Anatomy of an Action Hero



"I also cook."


It seems almost inconceivable that Steven Seagal was once a Big Star. A star who could open a movie, propel it's Box Office takings upwards by millions by virtue of his presence. Of course, this state of affairs didn't last very long. But briefly, in 1992, say, when "Under Siege" made more than $150 Million at the American Box Office, Seagal was a star.
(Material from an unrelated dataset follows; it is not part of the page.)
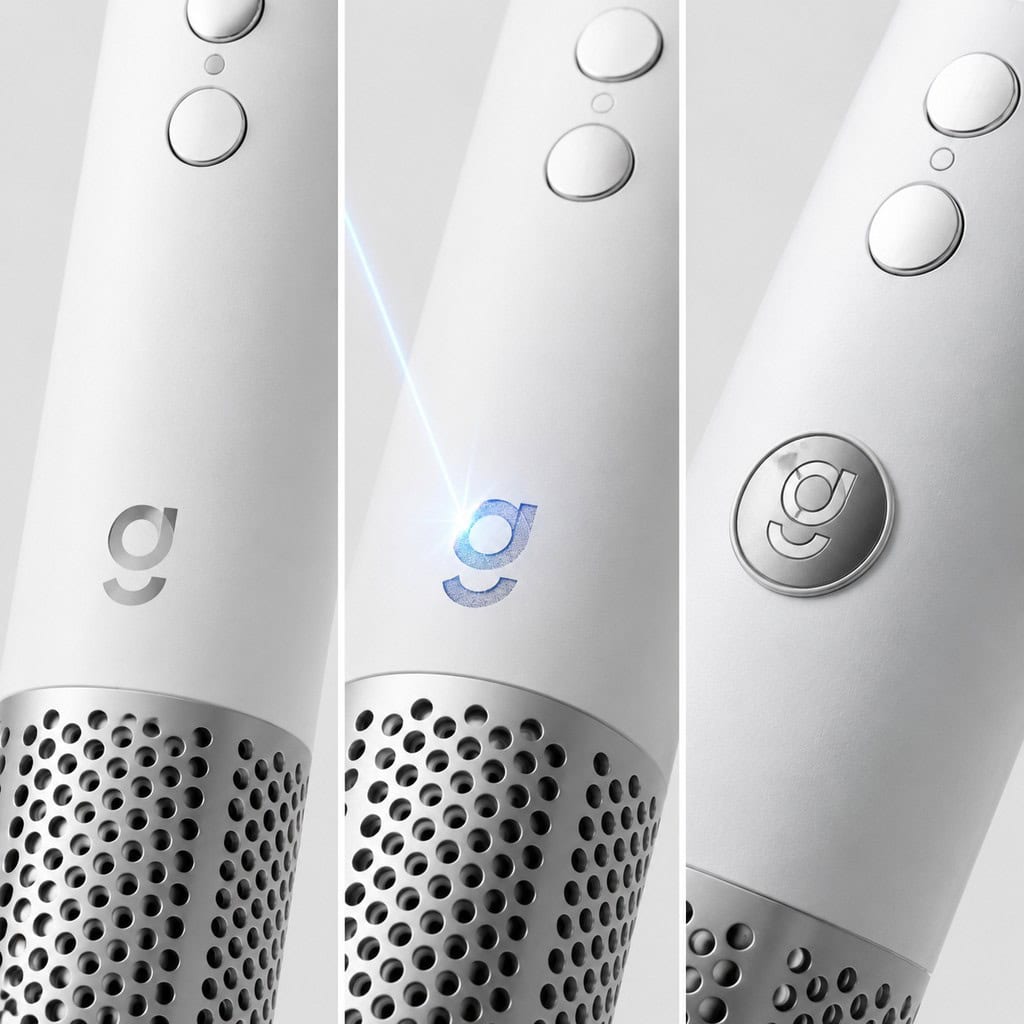 White high-speed hair dryer showing control and vent details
He may be the only Movie Star who ever reached stardom wearing a ponytail. Ponytails are not good. Ponytails are lame. They are named after baby horses for just this reason. Otherwise they would be called "broncotails" or "mustangtails". But no, they are named ponytails. Seagal was defined by his ponytail for a while. When he first emerged, making his relatively low-budget action thrillers in the late 80s and early 90s, the 2nd rate action market was a crowded place. Proper movie actors made occasional forays into the genre, holding guns in the hopes they could be the next Bruce Willis. Tom Berenger, Patrick Swayze, Jeff Bridges - they were getting roles that should have gone to ex-Martial arts instructors, dammit. And the competition within the genre itself was fierce - successful white bread dullards like Michael Dudikoff were interchangeable - they could high-kick and they couldn't act. This put Seagal at a major disadvantage, since he couldn't even really high-kick. He had the inability to act down, though. He looked around and saw that some of the other up-and-coming action stars had gimmicks. Jean Claude Van Damme was foreign, short and quite camp. Brandon Lee's dad was some famous dead guy. Dolph Lundgren was foreign, enormous, and an even worse actor than the genre demanded. Seagal? He had...a ponytail.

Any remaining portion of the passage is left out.